Last night our guest speaker was Caroline, an elder Dene woman who talked about her experience being taken away to residential school when she was five. She talked about her traditions, reclaiming her identity, reconciliation, and then shared pictures of her family and the women's work (bead work, hide work, bone toys, etc.) that had once been such a common practice for her community. She talked about how, for generations, her people had followed the caribou. It was stunning. We were silent. It is one thing to read about Canada's actions of reconciliation in recent years. And to reflect on America's own troubled history with Native Americans including the recent conflicts over oil/water rights out west. But to hear someone who has lived the shame, then let it define her, and yet then has determined to reclaim herself in such a direct and powerful manner? Truly something I will need to process for some time to come. To calm myself during her talk, I drew her portrait. And that of the fox from yesterday's travels. And slept badly. There is so much more beneath the breathtaking scenery that defines this place. Troubled past. Troubled and troubling present - the struggles to balance tourism to generate revenue against tradition and environment and economic decline. Not to mention the ever present blanket of climate change. There's a tv series on, now, called Polar Bear Town. I couldn't help but feel the tension between such a show and the people who once lived here as a part of the environment. How far we've come. How far we have still to go.
Since I wasn't sleeping so well, I got up early and wandered about...checking out the Centre's library and lab spaces. Big excitement during the night!! A polar bear had explored right around the Centre in the early morning hours, leaving absolutely wonderful prints in the snow!
A stark reminder of how we are *not* supposed to be outside alone!

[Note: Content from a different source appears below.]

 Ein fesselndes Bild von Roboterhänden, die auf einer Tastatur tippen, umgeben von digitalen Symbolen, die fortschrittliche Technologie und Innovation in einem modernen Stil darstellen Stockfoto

With that exposure rekindling my enthusiasm for more wildlife viewing, we jumped on the bus and headed to the shore. Saw one big male walking through the willows. Then lost him but saw a single female emerge from the willows and move out on the shoreline away from where he had been walking. A few minutes later..there he was again! And this time he walked across our sight lines, right in front of crazy photographers in the trucks in front of us (staying outside their vehicles while the bear walked right by them!), and then on into the rocks. Following a hunch Frank drove us closer to the beach and away from the photo frenzy groups. There he was again! The bear emerged from the rocks, wandered along the beach and then plopped down to enjoy some of the shell fish and kelp that speckle the shoreline.
Thank you so much, polar bear.
We left our bear as he walked off to explore other vehicles in the area. It really was similar to locations that have "Bear jams"...once a big bear is spotted, all the buggies and pickups and other rental vehicles come out of the woodwork to get close enough for pics. There are rumors of people baiting the bears so they'll come closer. We didn't see that but we did see folks letting the bear get so much closer than was really safe. For people or for the bear. Polar bears are incredibly inquisitive..but they are also wild. People have a false sense of security when they sit inside their vehicle. And all it really does is habituate the bear to more people. Without being able to explain the rules of engagement to the bear.

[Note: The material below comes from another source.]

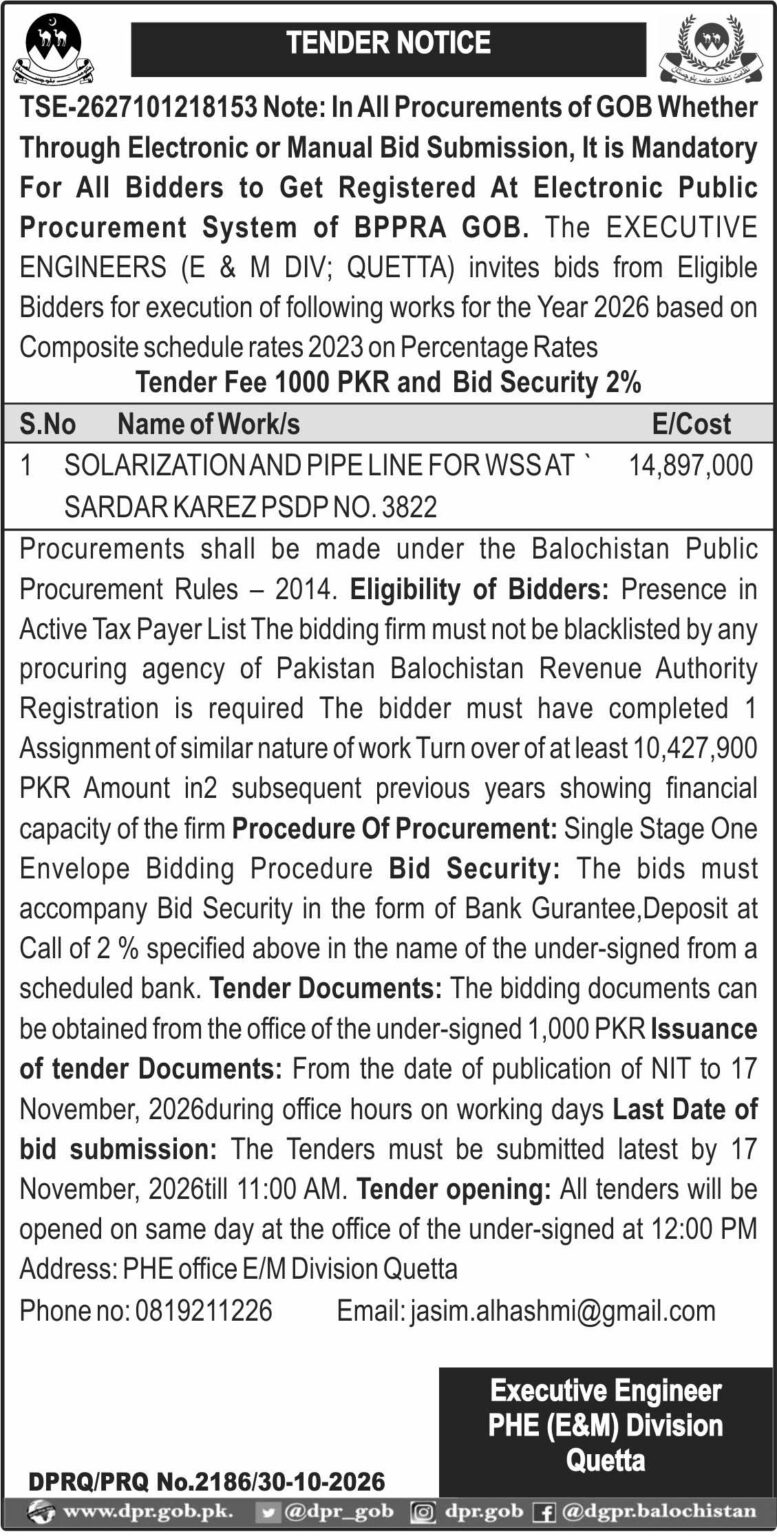 Executive Engineer PHE E&M Division Quetta (TN)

We left the area, had lunch, and then went out to Parks Canada's Cape Merry site. This is the point that guards the eastern mouth of the Churchill River. And we could look across to Prince of Wales Fort...a boat ride on a good day but that wasn't going to be this afternoon. (see
http://www.pc.gc.ca/eng/lhn-nhs/mb/prince/natcul/natcul2.aspx for more info on the history of the fort and Cape Merry).
Note that while our interpreter gave us an excellent historical feel for the Cape, we had our "bear guard" watching for us. Note also that that's ice beginning to form outside the mouth of the River.

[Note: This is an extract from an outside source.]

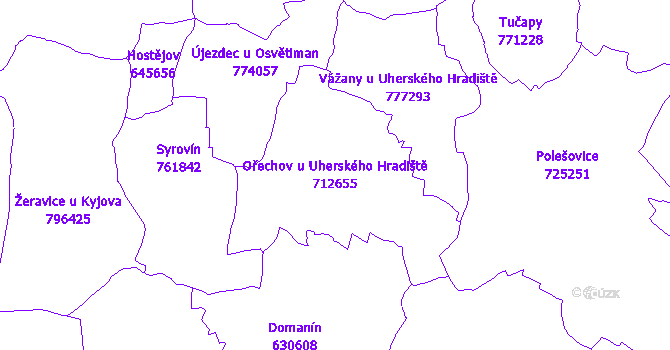 Katastrální mapa Ořechov u Uherského Hradiště - přehledová mapa katastrálního území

The Inutsuk on the shore in Churchill. I learned, at the Assiniboine Zoo, that there are a number of different arrangements of the rocks. Some that give direction, or that indicate a store of food. This one represents people. Effectively, we're here. Yes, yes we are.
Our trip to Cape Merry was interrupted by the sound of helicopters. Since 'copters are frequently in the area running tours out to Cape Churchill it was easy to think nothing of it. Then someone pointed out that the 'copter was carrying something! A polar bear! We thought it might be headed north for release but then it circled back to town. A problem bear that wandered in too close, was darted with tranquilizer, and then picked up to be taken back to the holding facility. Sometime soon the ice will form and they can release it to get on to the Bay.
On our way back to the Centre, we went by Caribou Hall which is where Carolyn's talks have been in the past. I just love that totem pole art is here as well. I would have liked to have asked her about this last night. Perhaps another time?
Home, sweet home. Tonight is our last night at the Centre and the snow from the first few days is rapidly melting as the temps warm up. I went back up to the Aurora dome to get a pano one more time.